## Exercise aim
In exact form, set down only those lines of the material that run from its first line to the line with "Rosvovo Genuine Leather", inclusive.

## Input records
..........
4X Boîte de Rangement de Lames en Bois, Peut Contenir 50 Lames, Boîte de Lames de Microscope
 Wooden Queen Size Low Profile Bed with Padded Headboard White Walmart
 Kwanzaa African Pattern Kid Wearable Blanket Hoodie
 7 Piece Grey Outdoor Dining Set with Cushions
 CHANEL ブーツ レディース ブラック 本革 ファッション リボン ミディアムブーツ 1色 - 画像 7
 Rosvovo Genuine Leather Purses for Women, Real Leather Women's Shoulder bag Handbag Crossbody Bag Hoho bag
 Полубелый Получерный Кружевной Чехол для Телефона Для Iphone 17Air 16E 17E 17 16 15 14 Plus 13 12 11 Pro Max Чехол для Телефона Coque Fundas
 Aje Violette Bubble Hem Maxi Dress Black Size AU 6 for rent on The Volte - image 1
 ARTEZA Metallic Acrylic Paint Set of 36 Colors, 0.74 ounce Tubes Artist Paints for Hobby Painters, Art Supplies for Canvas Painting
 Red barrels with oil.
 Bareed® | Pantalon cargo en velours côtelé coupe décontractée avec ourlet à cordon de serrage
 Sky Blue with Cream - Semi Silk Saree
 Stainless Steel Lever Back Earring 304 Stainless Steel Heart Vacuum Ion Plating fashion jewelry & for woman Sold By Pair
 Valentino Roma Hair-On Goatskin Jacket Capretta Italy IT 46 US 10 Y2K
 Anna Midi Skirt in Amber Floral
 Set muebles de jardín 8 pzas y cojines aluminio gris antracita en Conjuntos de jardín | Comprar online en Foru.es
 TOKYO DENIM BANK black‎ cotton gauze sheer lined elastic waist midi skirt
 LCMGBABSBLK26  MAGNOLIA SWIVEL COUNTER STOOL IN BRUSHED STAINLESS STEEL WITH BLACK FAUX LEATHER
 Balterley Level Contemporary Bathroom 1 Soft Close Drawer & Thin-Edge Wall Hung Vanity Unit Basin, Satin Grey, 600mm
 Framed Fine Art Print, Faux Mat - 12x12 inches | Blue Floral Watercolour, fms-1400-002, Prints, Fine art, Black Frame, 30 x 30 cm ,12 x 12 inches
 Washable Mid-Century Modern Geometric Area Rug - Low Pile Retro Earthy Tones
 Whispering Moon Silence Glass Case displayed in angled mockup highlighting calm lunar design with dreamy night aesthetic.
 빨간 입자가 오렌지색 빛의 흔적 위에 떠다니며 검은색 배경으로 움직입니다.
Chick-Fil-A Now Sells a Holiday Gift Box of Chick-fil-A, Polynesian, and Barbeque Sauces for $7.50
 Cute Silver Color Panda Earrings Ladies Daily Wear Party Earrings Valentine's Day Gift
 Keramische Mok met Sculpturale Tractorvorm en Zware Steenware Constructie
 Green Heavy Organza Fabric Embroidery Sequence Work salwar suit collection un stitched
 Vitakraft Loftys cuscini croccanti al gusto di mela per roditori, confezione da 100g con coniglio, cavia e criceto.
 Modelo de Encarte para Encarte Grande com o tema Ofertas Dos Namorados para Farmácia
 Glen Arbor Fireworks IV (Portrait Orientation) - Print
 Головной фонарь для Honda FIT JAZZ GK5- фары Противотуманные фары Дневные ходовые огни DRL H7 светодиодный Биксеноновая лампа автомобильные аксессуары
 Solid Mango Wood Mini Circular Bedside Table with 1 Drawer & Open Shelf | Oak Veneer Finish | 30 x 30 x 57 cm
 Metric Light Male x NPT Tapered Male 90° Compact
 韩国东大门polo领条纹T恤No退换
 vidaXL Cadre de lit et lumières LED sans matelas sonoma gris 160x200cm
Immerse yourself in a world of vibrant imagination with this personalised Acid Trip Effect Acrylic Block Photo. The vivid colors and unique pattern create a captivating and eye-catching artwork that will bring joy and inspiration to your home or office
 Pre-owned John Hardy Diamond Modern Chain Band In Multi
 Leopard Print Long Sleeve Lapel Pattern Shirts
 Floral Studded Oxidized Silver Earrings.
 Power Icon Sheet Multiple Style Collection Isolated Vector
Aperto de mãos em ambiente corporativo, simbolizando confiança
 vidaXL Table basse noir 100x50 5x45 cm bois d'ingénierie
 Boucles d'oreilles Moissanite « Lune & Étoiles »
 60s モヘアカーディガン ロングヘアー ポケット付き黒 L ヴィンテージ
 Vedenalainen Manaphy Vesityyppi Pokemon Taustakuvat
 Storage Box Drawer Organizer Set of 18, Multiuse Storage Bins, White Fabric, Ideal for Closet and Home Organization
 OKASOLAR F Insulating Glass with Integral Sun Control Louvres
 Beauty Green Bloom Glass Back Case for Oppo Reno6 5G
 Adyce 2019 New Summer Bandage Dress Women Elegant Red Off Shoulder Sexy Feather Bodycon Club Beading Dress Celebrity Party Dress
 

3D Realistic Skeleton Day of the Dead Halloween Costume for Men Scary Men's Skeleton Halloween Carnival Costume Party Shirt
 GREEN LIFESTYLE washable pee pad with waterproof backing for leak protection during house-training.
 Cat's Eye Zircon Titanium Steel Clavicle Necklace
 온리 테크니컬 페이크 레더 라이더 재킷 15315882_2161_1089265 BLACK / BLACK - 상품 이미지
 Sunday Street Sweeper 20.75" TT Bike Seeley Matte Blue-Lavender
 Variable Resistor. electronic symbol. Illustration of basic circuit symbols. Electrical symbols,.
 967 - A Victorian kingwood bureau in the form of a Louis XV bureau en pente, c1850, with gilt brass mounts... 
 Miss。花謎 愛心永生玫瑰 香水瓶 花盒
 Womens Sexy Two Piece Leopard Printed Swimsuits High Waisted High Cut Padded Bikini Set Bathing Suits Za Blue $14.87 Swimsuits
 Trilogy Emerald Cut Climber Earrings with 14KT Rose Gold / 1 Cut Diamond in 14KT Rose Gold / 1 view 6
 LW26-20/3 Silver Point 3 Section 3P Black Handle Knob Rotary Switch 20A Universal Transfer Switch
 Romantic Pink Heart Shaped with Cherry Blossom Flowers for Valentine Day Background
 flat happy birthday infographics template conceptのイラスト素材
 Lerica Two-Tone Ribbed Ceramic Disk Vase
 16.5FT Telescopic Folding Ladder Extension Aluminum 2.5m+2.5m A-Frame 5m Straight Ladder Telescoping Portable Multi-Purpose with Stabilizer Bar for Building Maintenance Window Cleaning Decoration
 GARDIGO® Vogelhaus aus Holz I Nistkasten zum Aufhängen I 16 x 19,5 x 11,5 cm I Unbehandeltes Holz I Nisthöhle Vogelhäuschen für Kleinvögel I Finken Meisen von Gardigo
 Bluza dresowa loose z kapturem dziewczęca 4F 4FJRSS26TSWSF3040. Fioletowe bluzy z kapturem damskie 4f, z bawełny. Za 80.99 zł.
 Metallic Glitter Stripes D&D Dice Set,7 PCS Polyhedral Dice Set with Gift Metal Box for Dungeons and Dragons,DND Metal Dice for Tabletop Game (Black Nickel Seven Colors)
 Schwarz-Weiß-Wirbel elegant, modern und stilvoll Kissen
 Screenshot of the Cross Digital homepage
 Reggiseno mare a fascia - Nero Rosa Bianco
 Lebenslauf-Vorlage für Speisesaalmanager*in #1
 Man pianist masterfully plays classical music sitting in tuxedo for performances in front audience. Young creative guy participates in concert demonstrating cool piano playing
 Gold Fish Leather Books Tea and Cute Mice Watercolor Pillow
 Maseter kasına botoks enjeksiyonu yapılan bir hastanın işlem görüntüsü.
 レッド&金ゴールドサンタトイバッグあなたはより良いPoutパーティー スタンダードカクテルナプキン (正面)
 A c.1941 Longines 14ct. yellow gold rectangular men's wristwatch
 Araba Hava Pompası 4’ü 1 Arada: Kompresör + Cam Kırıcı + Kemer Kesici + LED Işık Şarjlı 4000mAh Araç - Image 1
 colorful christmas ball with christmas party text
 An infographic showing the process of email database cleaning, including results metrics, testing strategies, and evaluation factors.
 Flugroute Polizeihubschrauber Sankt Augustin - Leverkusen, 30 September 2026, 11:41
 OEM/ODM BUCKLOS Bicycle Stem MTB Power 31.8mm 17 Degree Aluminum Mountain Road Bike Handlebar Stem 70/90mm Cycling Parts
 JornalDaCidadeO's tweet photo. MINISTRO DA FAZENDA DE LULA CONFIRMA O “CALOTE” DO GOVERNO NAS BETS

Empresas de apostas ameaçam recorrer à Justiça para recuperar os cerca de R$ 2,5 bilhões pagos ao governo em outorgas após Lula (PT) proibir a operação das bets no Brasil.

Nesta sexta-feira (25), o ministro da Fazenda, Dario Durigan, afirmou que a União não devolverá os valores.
..........
## Answer to this task
4X Boîte de Rangement de Lames en Bois, Peut Contenir 50 Lames, Boîte de Lames de Microscope
 Wooden Queen Size Low Profile Bed with Padded Headboard White Walmart
 Kwanzaa African Pattern Kid Wearable Blanket Hoodie
 7 Piece Grey Outdoor Dining Set with Cushions
 CHANEL ブーツ レディース ブラック 本革 ファッション リボン ミディアムブーツ 1色 - 画像 7
 Rosvovo Genuine Leather Purses for Women, Real Leather Women's Shoulder bag Handbag Crossbody Bag Hoho bag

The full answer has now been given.